HP XC System Software Administration Guide Version 3.2

NOTE: If the user logged in from a node that is also a compute node, the epilog script also ends
the user's login. You can avoid this problem by editing the EPILOG_EXCLUDE_NODES variable
in the epilog file. It is empty by default. Specify the host names of the login nodes, separated by
spaces, so that the epilog script does not kill the user jobs on those nodes; for example:
EPILOG_EXCLUDE_NODES="n101 n102 n103 n104 n105"
The SLURM epilog is located at /opt/hptc/slurm/etc/slurm.epilog.clean initially.
You can maintain the file in this directory, move it to another directory, or move it to a shared
directory. If you decide to maintain this file in a local directory on each node, be sure to propagate
the SLURM epilog file to all the nodes in the HP XC system. The following example moves the
SLURM epilog file to a shared directory:
# mv /opt/hptc/slurm/etc/slurm.epilog.clean \
/hptc_cluster/slurm/slurm.epilog.clean
Enable this script by configuring it in the SLURM configuration file,
/hptc_cluster/slurm/etc/slurm.conf. Edit the Epilog declaration line in this file as
follows:
Epilog=/hptc_cluster/slurm/slurm.epilog.clean
Be sure to restart SLURM.
15.8 Maintaining the SLURM Daemon Log
By default SLURM daemon logs are stored in /var/slurm/log/ on each node that runs SLURM
daemons. The slurmctld controller daemon writes to the slurmctld.log file, and the slurmd
daemon writes to the slurmd.log file. These log files and their location are configured in the
slurm.conf file.
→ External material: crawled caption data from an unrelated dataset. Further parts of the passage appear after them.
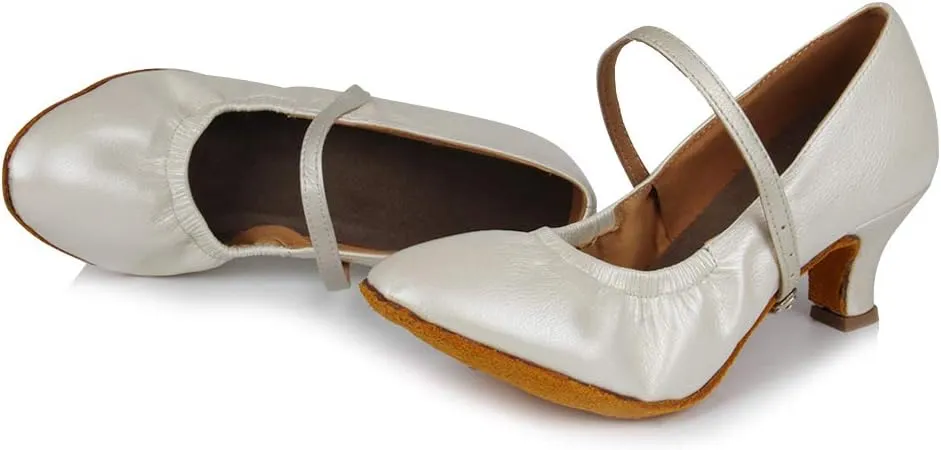 TINRYMX Women's Latin Dance Shoes Ballroom Closed Toe Low Heel Salsa Practice Performance Dance Shoes, CMJ-5003-5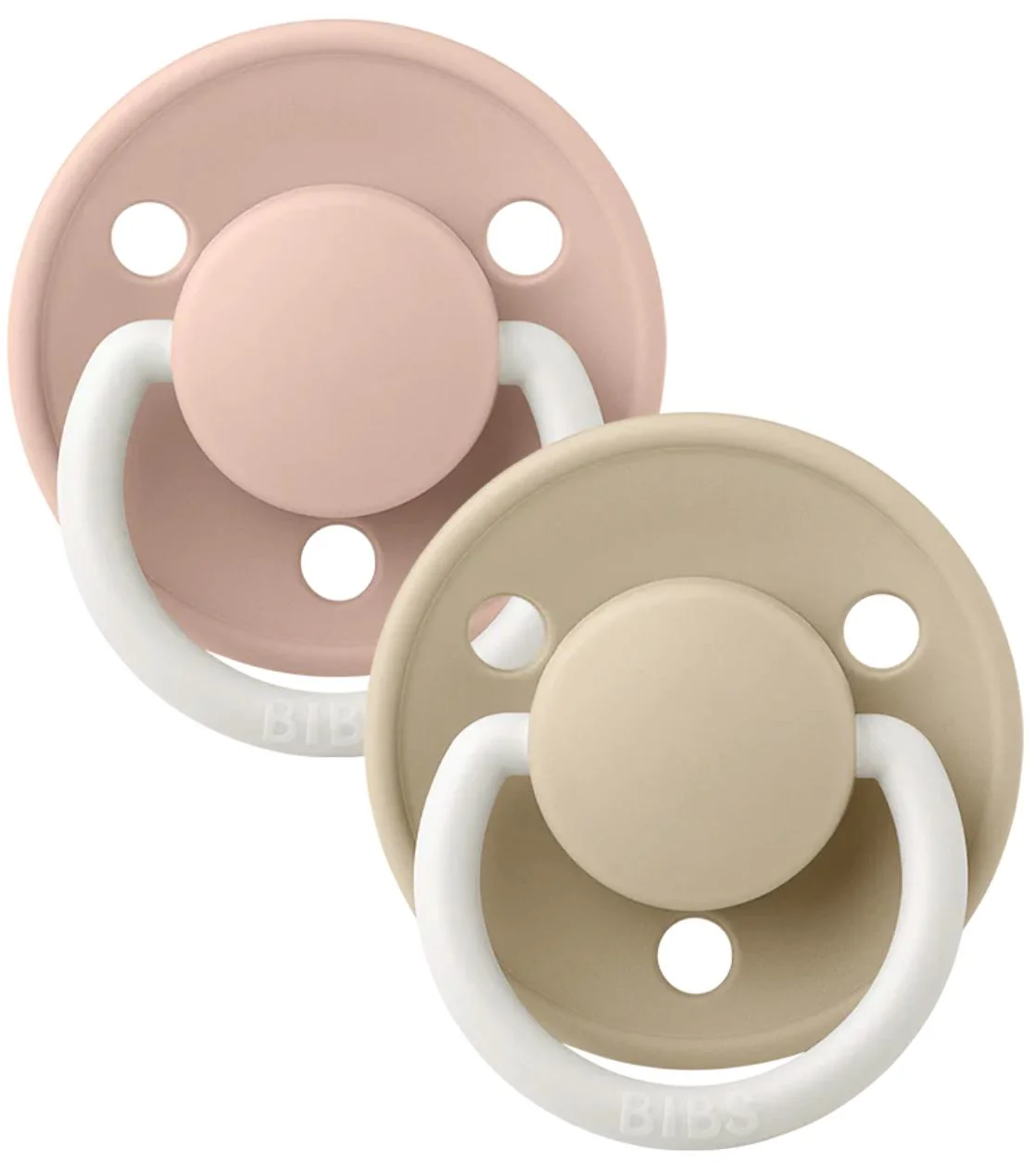 Set 2 suzete rotunde din silicon BIBS De lux Glow Blush/Vanilla (0-36 luni)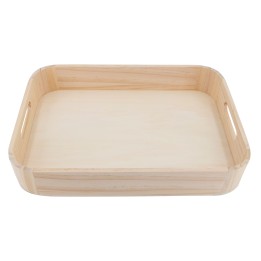 Tablett mit Griff 34,5x24,5x6cm aus Holz, abgerundete Ecken
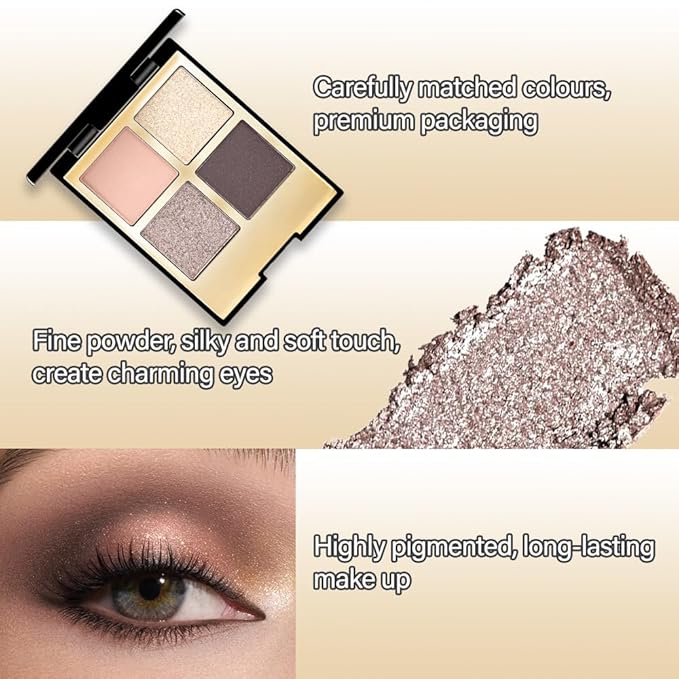 4 Colors Eyeshadow Makeup Palette,Nude Rose Gold Highly Pigmented Natural Neutral Nude Eye Shadow Palette with Mirror,Long Lasting Naturing-Looking,Waterproof,Blendable,Travel Size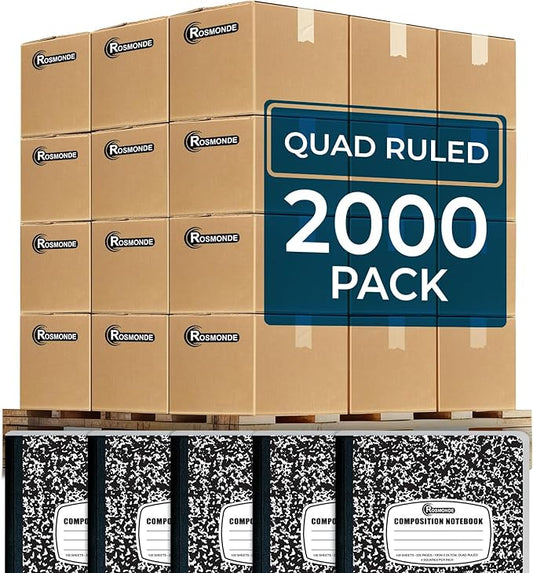 2000 Pack (Pallet) Composition Notebooks Bulk, Quad Ruled, Full Pallet of Composition Notebooks, 200 Pages (100 Sheets), 9-3/4 x 7-1/2, Bulk Notebooks for School & College, 4-7 Days Transit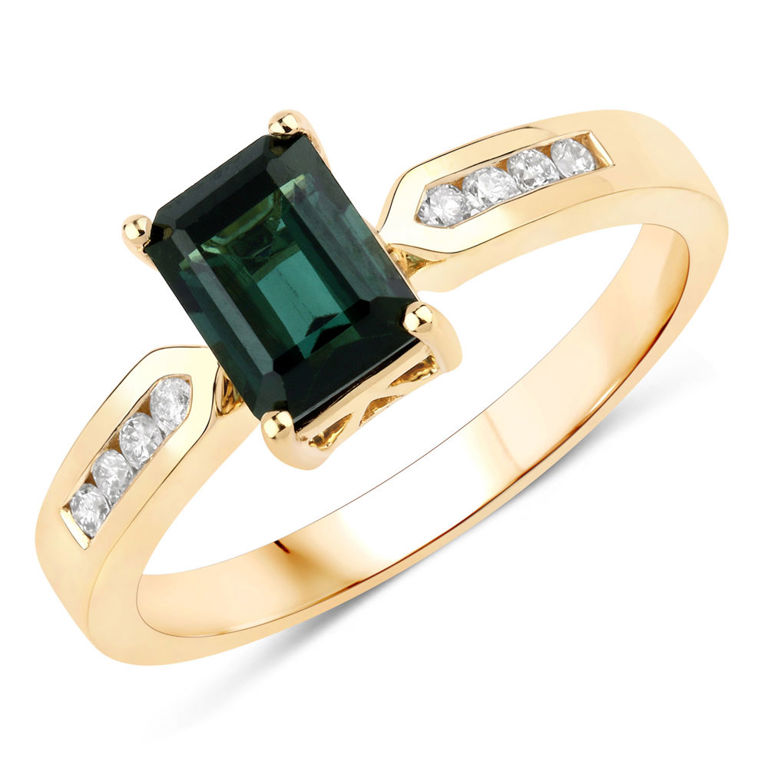 14k Gold Tourmaline and Diamond Ring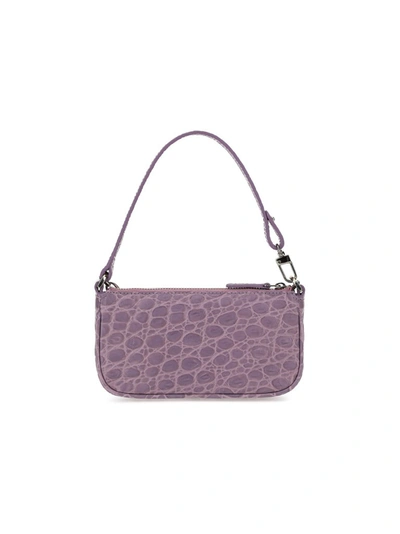 Shop By Far Mini Rachel Embossed Shoulder Bag In Purple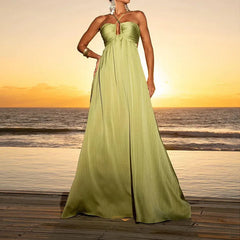 Lightweight summer gown ideal for rooftop parties and resort looks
You can view this information with the scontrol command, as follows:
# scontrol show config | grep LogFile
SlurmctldLogFile = /var/slurm/log/slurmctld.log
SlurmdLogFile = /var/slurm/log/slurmd.log
Over time these logs become large, particularly if you increase SLURM daemon debugging:
# scontrol show config | grep -i debug
SlurmctldDebug = 3
SlurmdDebug = 3
The daemon debug value ranges from 1 to 7, with 7 being very verbose. The default value is 3.
To cache these log files without disrupting SLURM operation, rename these files. Be sure the
new names are intuitive if you intend to archive them:
# mv /var/slurm/log/slurmctld.log{,.old}
# mv /var/slurm/log/slurmd.log{,.old}
Use the pdsh command to rename the files systemwide:
# scontrol ping
Slurmctld(primary/backup) at n16/n15 are UP/UP
# pdsh -w n[15-16] 'mv /var/slurm/log/slurmctld.log{,.old}'
# pdsh -a 'mv /var/slurm/log/slurmd.log{,.old}'
The SLURM daemons will still write to the renamed files. To have the daemons write to the new
daemon log files, issue the following command:
# scontrol reconfig
Now the SLURM daemons will write to the originally named log files. You can archive or delete
the old files.
You can automate the procedure for caching SLURM log files by using a cron job on the head
node set for an interval appropriate for your site.
15.8 Maintaining the SLURM Daemon Log 185